EXERCISE PROMPT
Pictures in the data must not be copied, but everything else should be output exactly.

DATA SECTION

---*---

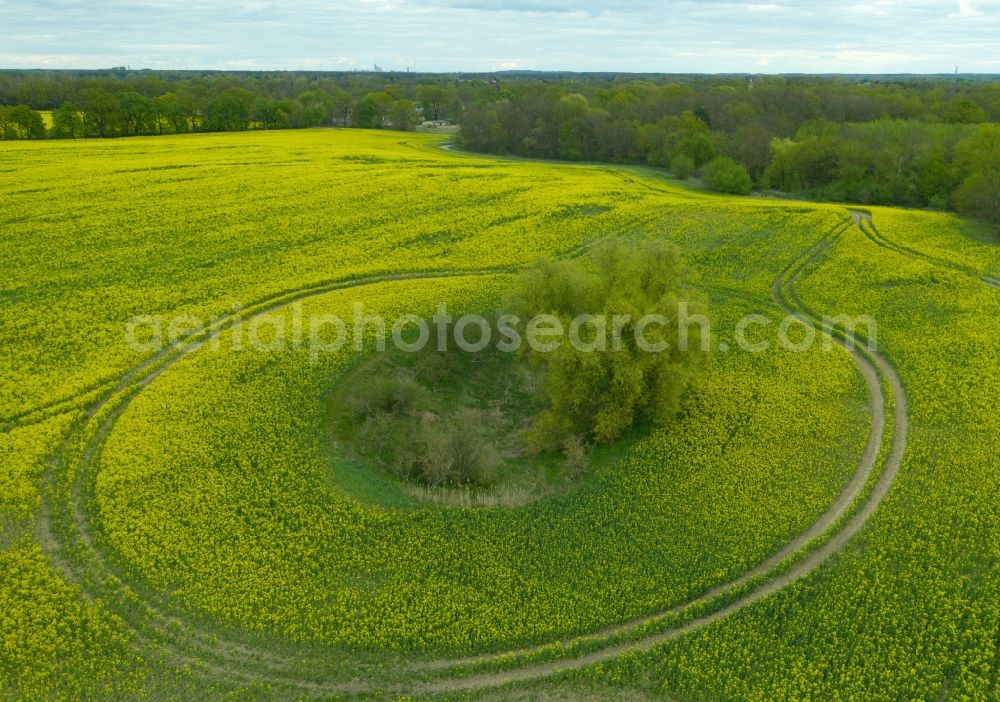 Prietzen from above - Field edge of a target biotope in the field surface of a yellow rapeseed field in Prietzen in the state Brandenburg, Germany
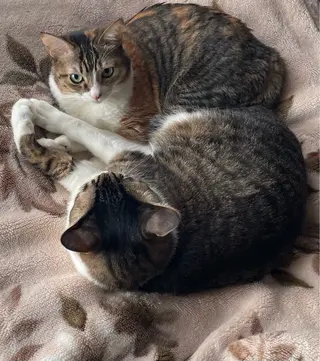 Spiky とうげ ふうかのネイルデザイン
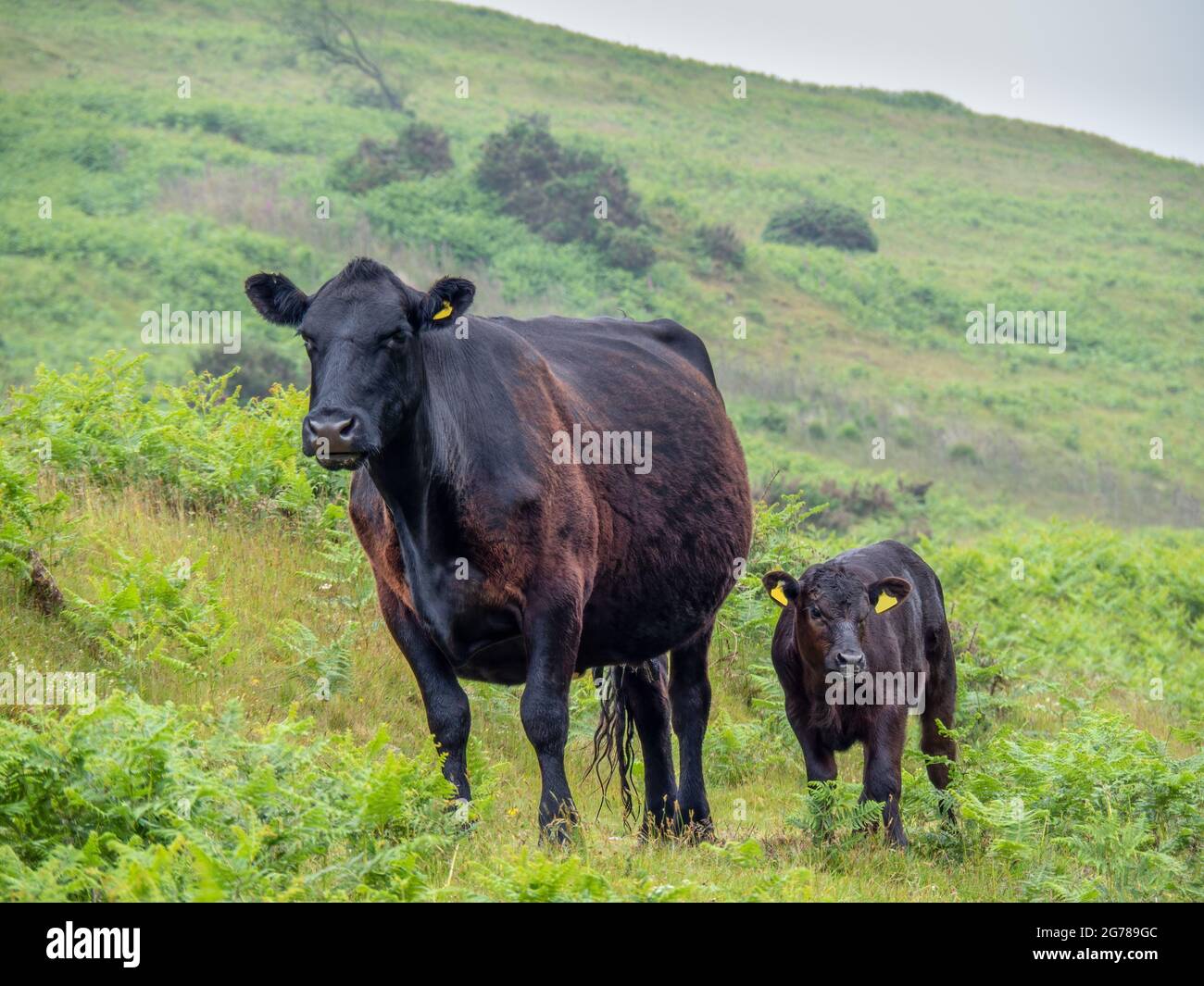 Schwarze rote Kuh mit Kalb auf Dartmoor. Walisische schwarze Rasse. Stockfoto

---*---

REPLY TO THE EXERCISE
 Prietzen from above - Field edge of a target biotope in the field surface of a yellow rapeseed field in Prietzen in the state Brandenburg, Germany
 Spiky とうげ ふうかのネイルデザイン
 Schwarze rote Kuh mit Kalb auf Dartmoor. Walisische schwarze Rasse. Stockfoto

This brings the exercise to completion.